A senhora nunca duvidou da ida á lua, tese que defendia com unhas e dentes e, melhor ainda, louvava o feito, já que tinha sido efectuado numa altura de Quarto Crescente, quando teria sido mais fácil uma aterragem em Lua Nova.
Abraços
José Martins
Manuel Vieira Moreira para eu
mostrar detalhes 21 Jul (Há 1 dia) Responder
Mensagem do Manuel Vieira Moreira, com data d2 21 de Julho de 2009, chegada à nossa Caixa de Correio:
Camarada e Amigo Luís Graça
Em 20 de Julho de 1969 já estava em casa, havia um mês e seis dias, regressado da Guiné pois cheguei a Lisboa no dia 13 de Junho, mas, no dia 20 de Julho de 1967 entrei no navio UIGE
e embarquei para a Guiné.
Um Abraço
Manel Moreira
Caros camaradas
Tendo estado de férias, comecei a fazer uma busca de tudo o que foi publicado na minha ausência e só agora aqui cheguei, como diz o Fausto na sua canção se não estou errado.
Pois neste dia ainda não era Cap Mil, se bem que já soubesse que daí a um mês, mais dia menos dia, teria de entrar nos corredores do Convento de Mafra, para preparar a minha "conversão".
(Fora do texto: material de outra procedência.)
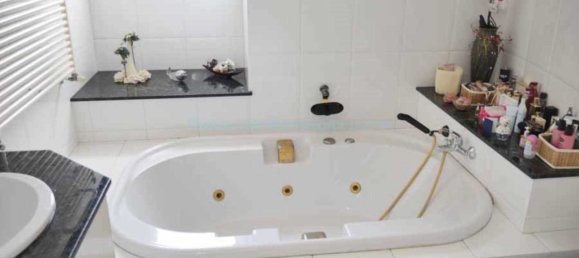 5 bedrooms House in Deryneia, Cyprus No. 23864 12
Ainda estava em actividade profissional e recordo-me que me desloquei ao Concelho de Vila da Feira para, acompanhando o técnico que dava apoio aos agricultores dessas terras, visitar uns pomares.
Aqui a lua encontrava-se, praticamente toda visível (lua cheia) e nessa tarde perguntamos a uma anciã, que andava de enxada na mão a sachar uma leirita de milho:
Então o que nos diz de andar um homem na lua?
Olhou para ela, a lua, e para nós, com um ar de espanto e incrédula respondeu-nos:
Isso são tudo patranhas desses hereges que querem enganar os crentes!
Nem a ver na TV, a piedosa velhinha se convenceu.